Bankrupting the big banks

The Great Foreclosure Fraud is not about clerical errors or defaulting homeowners. It never was. It’s about the way in which the U.S. banks selling mortgage-backed securities fraudulently ripped off the pension funds the taxpayer-owned GSEs, and the foreign banks.

In addition to Fannie and Freddie, there are millions… billions… trillions of dollars in mortgage-backed securities out there that are now very much in doubt. And the pension funds have been pushing for some time now for information about the securitizers, the big banks who bought the mortgages and put them in pools and sold the MBS, whether they should have to buy back the mortages for not meeting the contractual requirements. Those may have varied from contract to contract, but I guarantee that every one of them required that there be proper paperwork and a right to foreclose if the debts aren’t paid. If those banks have to buy back all that stuff, it’s a big liability….
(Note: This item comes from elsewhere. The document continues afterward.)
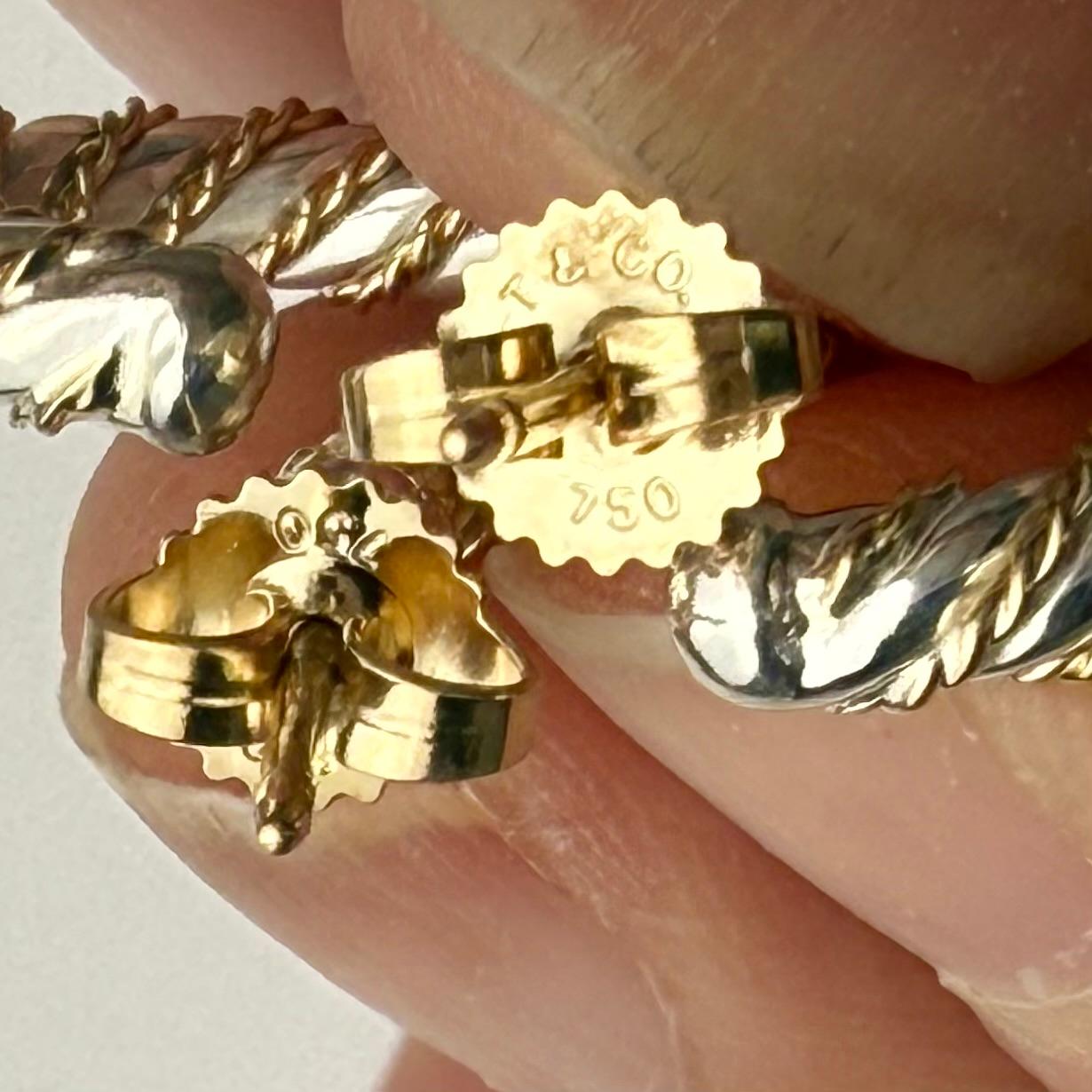 Tiffany & Co Vintage Ohrringe aus Sterling und 18 Karat Gelbgold mit gedrehten Creolen Damen im Angebot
There’s a pretty good chance that if they had to buy back a lot of those mortgages because they did not meet the contractual representations and warranties as it’s called, the mortgages were not what they were required to be and in almost every contract if they weren’t what they were required to be the back was required to buy them back, that’s probably more than they can buy back. We may be back where we were two years ago. There was an article in the Washington Post yesterday morning where someone said this is going to be so bad for the banks we might have to have another TARP. That ain’t gonna happen, not in this lifetime…. we certainly aren’t going to give the banks, or lend the banks, more money to get them back to solvency.
– Congressman Brad Miller (D-NC)

The reason the giant banks are desperately trying to avoid turning over the mortgage-backed security documents and resisting subpoenas is because they will be forced into bankruptcy as soon as any of the investors get their hands on them.

UPDATE: Citi delineates the three possible outcomes:

Levitin articulated three possible outcomes to the aforementioned issues and assigned an equal likelihood to each. In his best case scenario, these issues are deemed merely technical in nature and are successfully resolved but it takes at least year to do so and all foreclosures are delayed by at least a year. Levitin disputed the claim by banks that these issues can be resolved in a month or so and attributed the banks’ claims to “legal posturing.” In the medium case scenario, litigation ensues and it takes years to sort out these matters. In the worst case scenario, the aforementioned issues become a “systemic problem” which causes the mortgage market to grind to a halt as title insurers refuse to insure mortgages involving existing homes.

He left out the fact that in the medium scenario, all of the MBS-selling banks go bankrupt. Which is to say, the big four with their $7 trillion in assets, (45% of which I have estimated are worthless), at the very least.